The one I spoke of above-
http://www.pandys.org/

http://www.dancinginthedarkness.com/

http://www.aftersilence.org/aftermath.php

http://www.rapehelp.com/

http://www.rainn.org/


This site has a 24hr hotline-
http://www.sassnh.org/


This site has links to many more websites
Stellablue created a thread for all forms of abuse, where you can post anonymously if you are more comfortable, that can be found
here-
Thank you for posting resources! I have been looking for some so I will go check them out....I am soon going to have a conversation with my mom who I love dearly, but who has an idealized view of family that is almost "Stepford-esque". I was molested by my half- brother many times- around age of 6-7 and he was 16-17...also he did it to my best friend at same time qmwhen he babysat us.. I had much therapy over years bc I developed eating disorder as young girl, acted out sexually, and then became alcoholic, and entered very toxic relationships with men. i got sober when I was 28, did 12 step pgm, and started to get therapy shortly after... as I just couldn't stand how I felt around my brother --who-- at time was trying to have a close relationship because he found God!!! it made my skin crawl... Eventually, with professional help I told my mother about the molestation, and confronted him about it. He said he didn't remember but was sincerely apologetic and asked what he could do....he said he thought maybe he had been abused but couldn't remember. At the time I forgave him truly; I knew that his family life before coming to live with us had traumatized him, and our Father was not great to him. I realize that this is an unusual story- especially because we continued to have a familial relationship- as my mother considers him to be her son even tho she isn't his birth or adopted mother (my dad's son from previous marriage- step son I guess is term). I do not think my mother fully wanted to comprehend the effect that he had on me, and there was unspoken expectation that we are family.
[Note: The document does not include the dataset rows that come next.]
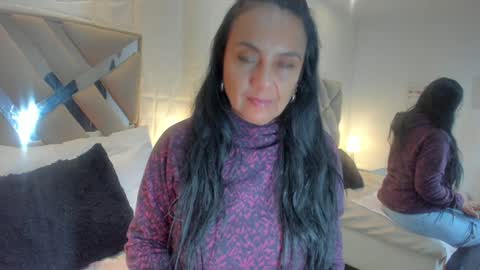 Snapshot of raquel_moore chatting on 02/06/25, 05:25 Raquel Moore online show from 02/06/25, 05:25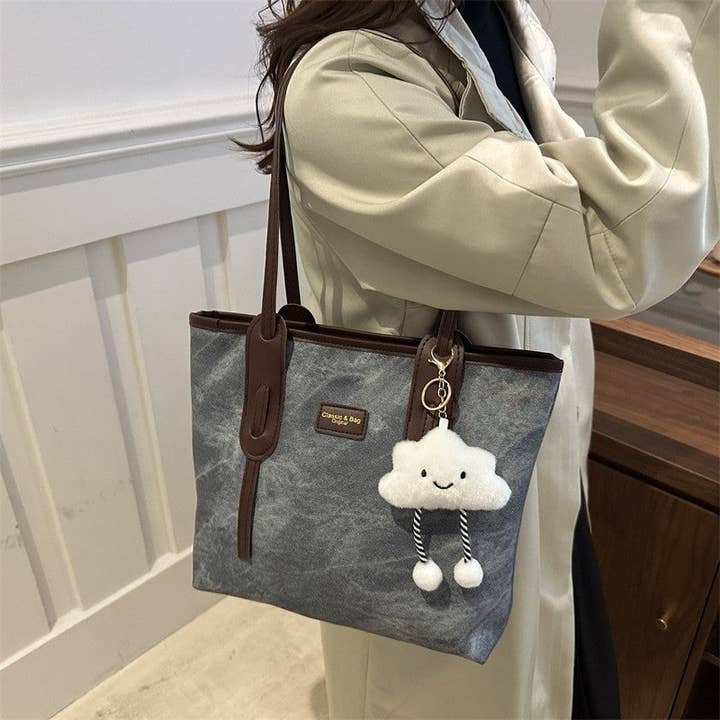 Vielseitige Schulterhandtasche mit Zubehör für den Großhandel von UZ Wholesale Store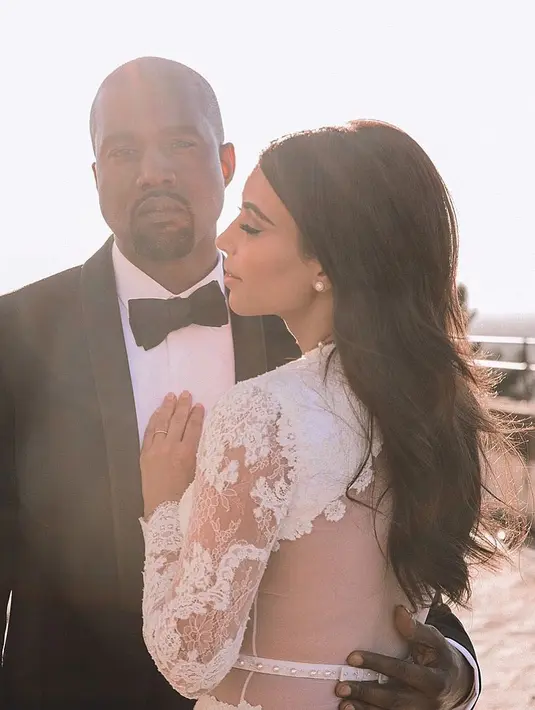 Sementara itu, Kim Kardashian pun nampak sangat bahagia merayakan ulang tahun pernikahan keempat bersama dengan Kanye West. (instagram/kimkardashian)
But I couldn't forget, and eventually the trauma came back, after my dad died and my brother and i had to manage his estate affairs together...which was a mess. All the fear and disgust came back as we had terrible arguments. We got through it but every time I see him at a family dinner I feel anger and revulsion. I recently realized I no longer want a relationship with him ; that he is not MY family; and that the only reason I had relationship was for sake of my mom. She considers him her son, and will be hurt and sad as the family definition changes as result of my boundary .... At the age of fifty I finally realize it is ok that I don't consider him to be my family; and that my mother needs to back me up on this decision and not expect me to be at functions with him. I feel a weight lifted off my shoulders from the new knowledge.... but am dreading the conversation with her because she is possibly going to struggle with it and possibly ask me to reconsider which I won't do. I am seeking lots of support before I talk to her; and deciding whether I will also tell him face to face.

I have had friends tell me before who knew about this, that they couldn't believe I maintained a relationship with him- I never questioned that it was an option- I thought I had to for my mother!!! Can you imagine? Now, as though the lights were just turned on after years in darkness, it seems ridiculous to me that I tried for so long (15yrs) !!!!..when I simply could have told him that day we spoke that I forgave him truly; but that I didn't want to have a familial relationship with him.

Sorry for long post but I am really glad there are places to go and talk about this stuff! Thank you!!! Any advice is welcome!